In the records below, find the line containing "L'Echappee Verte - Gite" and transcribe it and every line after it exactly; leave the pictures out.

Provided material
....

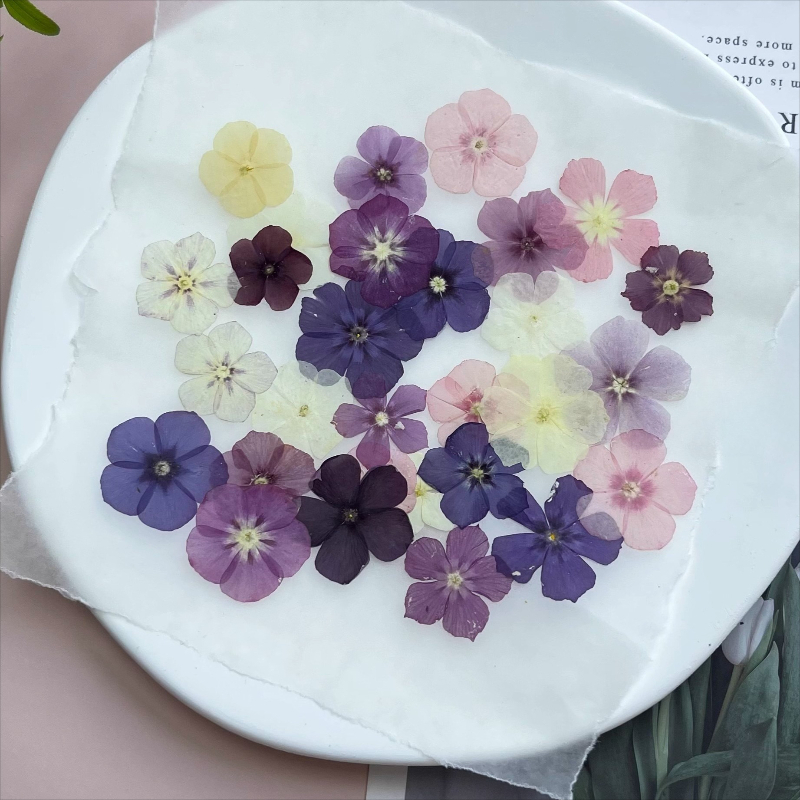 12 Uds., flores secas prensada - Resin Art Case reseña y precio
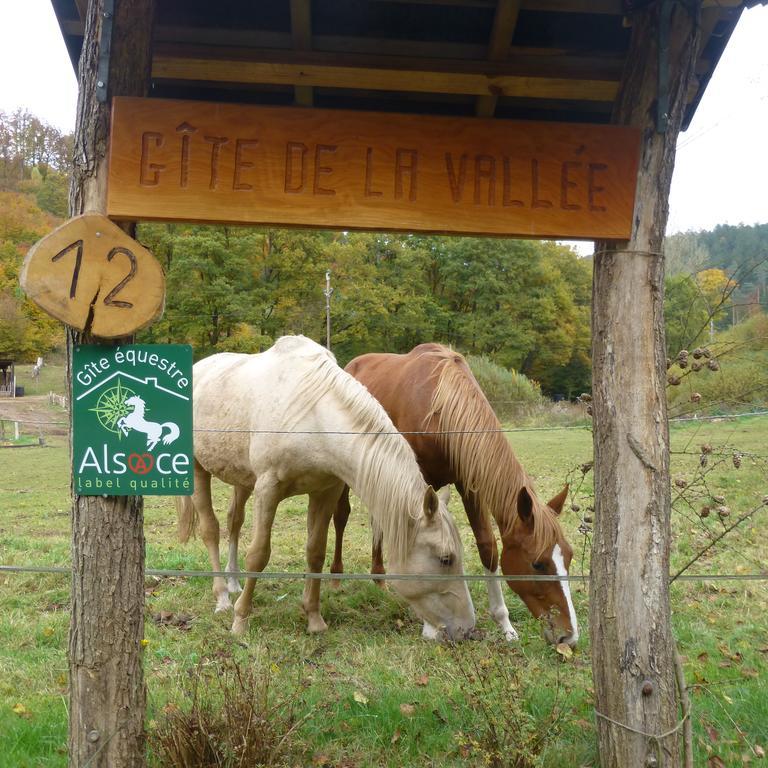 L'Echappee Verte - Gite Equestre 5 Pers Soucht Kültér fotó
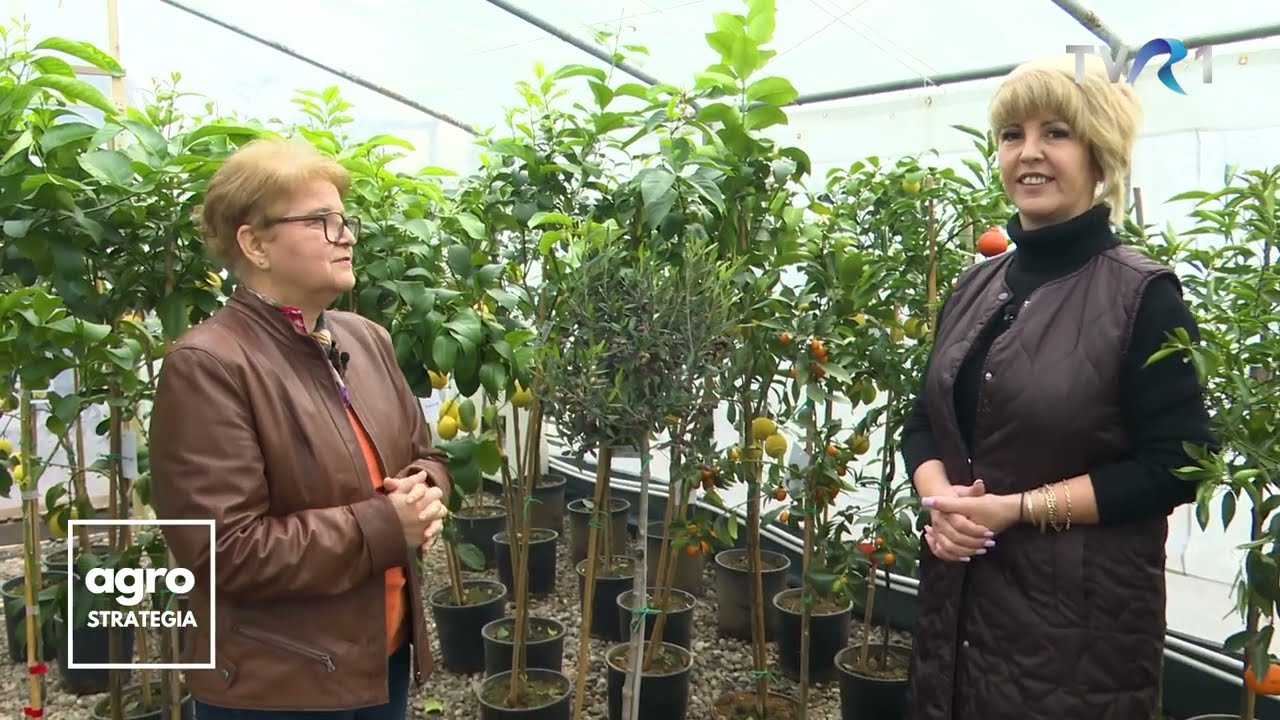 În Grădina Danei, TVR 1. Plantarea și îngrijirea citricelor (23.02.2023)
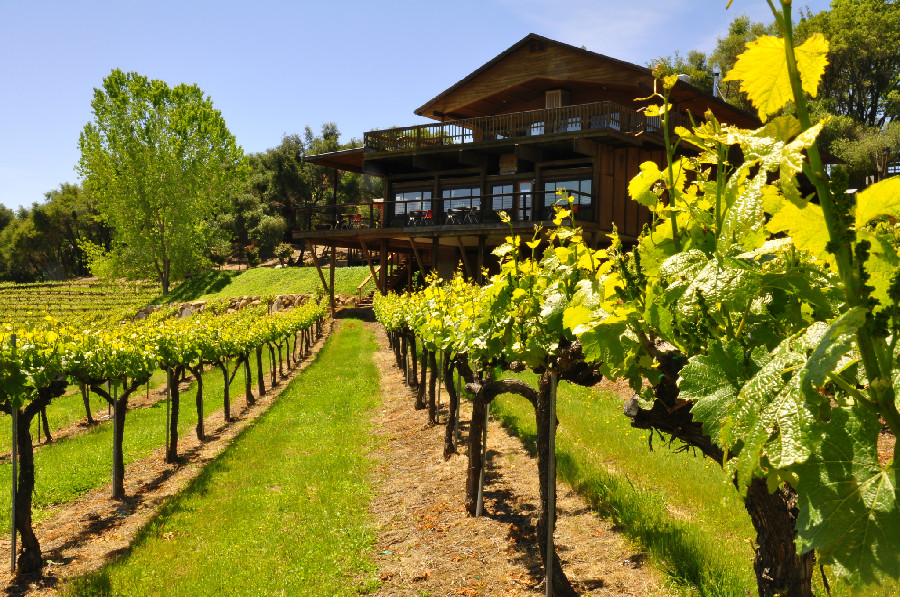 The Gold Hill tasting room and deck standing above rows of vines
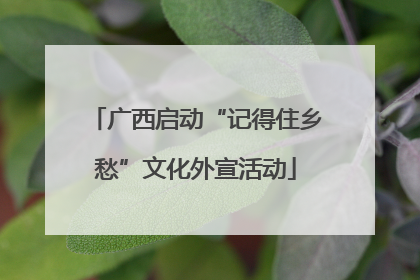 广西启动“记得住乡愁”文化外宣活动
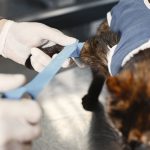 A veterinarian skillfully bandages a cat's paw post-surgery in a clinic setting.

....

Exercise output
 L'Echappee Verte - Gite Equestre 5 Pers Soucht Kültér fotó
 În Grădina Danei, TVR 1. Plantarea și îngrijirea citricelor (23.02.2023)
 The Gold Hill tasting room and deck standing above rows of vines
 广西启动“记得住乡愁”文化外宣活动
 A veterinarian skillfully bandages a cat's paw post-surgery in a clinic setting.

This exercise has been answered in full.